Subsidiärer Schutz für Person aus Eritrea:

1. Im Rahmen der vorzunehmenden Gefahrenprognose ist auf die zwangsweise Rückführung abzustellen, weil die Person nicht freiwillig ausreisen wird und dies auch nicht zumutbar ist. Obwohl im Kleinkindalter ausgereist, müsste sie dafür eine Reueerklärung abgeben, deren Abgabe ihr nicht zuzumuten ist.

2. Bei der zwangsweisen Rückführung droht unmittelbar nach der Einreise eine Inhaftierung und die Einberufung in den Nationaldienst, wobei allein die Haftbedingungen bereits eine unmenschliche und erniedrigende Behandlung und Folter darstellen.

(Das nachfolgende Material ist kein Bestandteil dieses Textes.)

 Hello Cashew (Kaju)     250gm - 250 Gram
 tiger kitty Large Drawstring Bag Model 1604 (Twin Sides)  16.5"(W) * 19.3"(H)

(Leitsätze der Redaktion, unter Bezugnahme auf BVerwG, Urteil vom 11.10.2022 - 1 C 9.21 (Asylmagazin 4/2023, S. 100 ff.) - asyl.net: M30993)

Schlagwörter: subsidiärer Schutz, Eritrea, Passbeschaffung, Mitwirkungspflicht, Reueerklärung, Zumutbarkeit, Diasporasteuer, Anspruch, staatsbürgerliche Pflicht, Mitwirkungshandlung, Botschaft, Auslandsvertretung, Qualifikationsrichtlinie,
Normen: AsylG § 4
Auszüge:

[...]

II. Es bestehen stichhaltigen Gründe im Sinne von § 4 Abs. 1 Satz 1 AsylG für die Annahme, dass dem Kläger bei einer Rückkehr nach Eritrea Folter oder unmenschliche oder erniedrigende Behandlung oder Bestrafung gemäß § 4 Abs. 1 Satz 2 Nr. 2 AsylG droht. [...]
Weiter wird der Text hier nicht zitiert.